Telling my parents about it was… fun. I’d used up my yearly dose of college shenanigan stupidity without even trying. They contacted our dentist, however, who agreed to see me the very next day in order to fix my tooth. I had to eat around a swollen lip for the next two weeks, and only soft foods for roughly a week. Talking was difficult, singing even more so- unluckily, since I was in choir and since my job involves talking to people on the phone. My dentist informed me that I am no longer allowed to bite into apples or carrots with my front teeth. Everything has been fine, though. Almost three months later, my teeth are still okay, my lip has healed completely except for a tiny scar, and neither my friend nor my boyfriend abandoned me despite my stupid injury causing them to miss a fun night of watching a Harry Potter movie. As a matter of fact, they both stayed with me the rest of the evening. Not only did they come with me to the emergency room (out of no obligation, just because they were that nice), they came with me back to my dorm room and cheered me up. When I left to get a drink of water and came back, there was a mysterious dollar under my pillow from “the tooth fairy.” They still sat and ate with me even when I had to chew with my mouth open or find some way to get a spoon of oatmeal past my swollen lip. They are true friends, the real deal, and I’m lucky to have them in my life.

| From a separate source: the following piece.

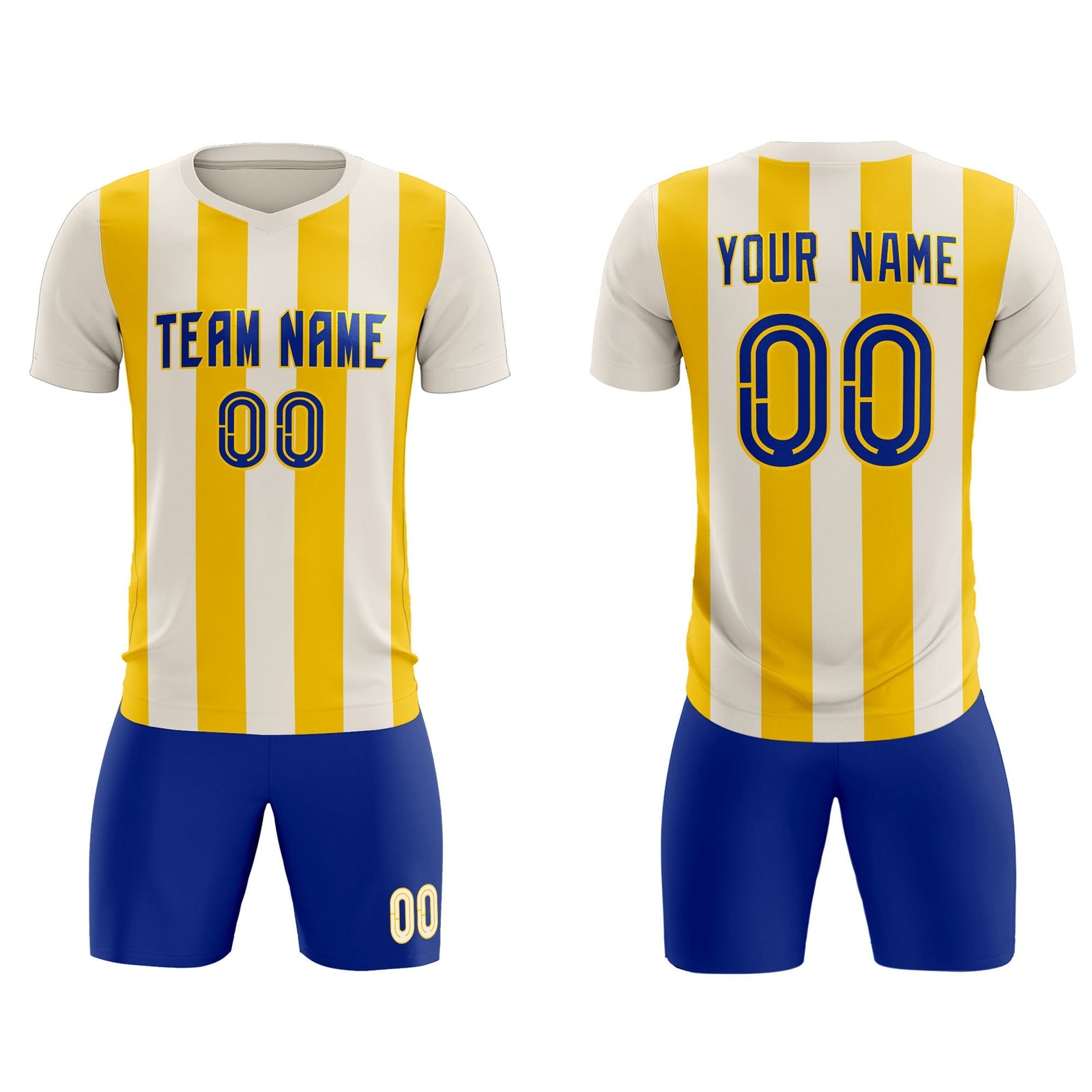 Custom Cream Gold Vertical Stripes Casual Outdoor Soccer Sets Jersey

So yeah- those are some of the miniscule, but annoying injuries I’ve gotten over the past 18 or so years of living. I’m sure I’ll get injured in many more stupid ways before I die. While these were all somewhat crazy experiences, everything always turned out well, and sometimes it was even a good thing. I think especially in the case of me breaking my tooth, I was able to feel a lot closer to my friend and my boyfriend, and they really came through for me. I hope that when you guys inevitably suffer a similarly stupid injury, that you have good people to help you through it!